A Boeing vem enfrentando um difícil momento financeiro, não só pelo impacto da Covid-19, mas por problema de imagem, provocado por dois acidentes com seu primeiro modelo, o 737 MAX. O governo de Donald Trump estuda formas de ajudar a companhia. Na quarta-feira 29, a empresa divulgou balanço do primeiro trimestre, que registrou prejuízo líquido de U$ 641 milhões, o equivalente a R$ 3,4 bilhões. Os números da empresa brasileira referentes ao período ainda não foram divulgados, mas a Embraer também não está tão distante de problemas. Desde o início da pandemia, o processo de queda das ações da companhia se intensificou. No dia 24 de março, quando passou a valer a quarentena no estado de São Paulo, o papel da companhia na B3 (antiga Bovespa) era comercializado a R$ 9,03. Na segunda-feira 27, primeiro dia útil após o anúncio da Bovespa, a ação estava custando R$ 7,66.

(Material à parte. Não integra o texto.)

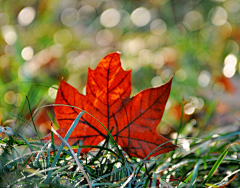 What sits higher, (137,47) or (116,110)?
(137,47)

A agência de risco Fitch Ratings mudou a nota de crédito da Embraer de BB+ para BBB- e alterou de positiva para negativa a perspectiva em relação ao mercado internacional de aviação. Segundo a agência, somente neste ano as entregas de jatos comerciais da Embraer devem cair 50%, enquanto os modelos executivos devem ter redução de 15% a 20%. O analista de mercado da Toro Investimentos, Daniel Herrera, diz que o acordo com a companhia dos Estados Unidos poderia não teria resultado positivo. “O contrato foi firmado para bater de frente com a gigante formada pela fusão da Airbus e Bombardier e seria uma competição muito acirrada”, afirma. “A situação da Embraer é muito incerta.”

A questão agora é saber quais ventos serão mais favoráveis para a empresa, em um cenário de dificuldades pela expansão da crise de saúde, o consequente impacto nas finanças e até mesmo os últimos episódios da crise política que começa a ganhar ainda mais corpo. O medo é se esses ares podem ser transformar em um furação para o futuro da cinquentenária companhia brasileira.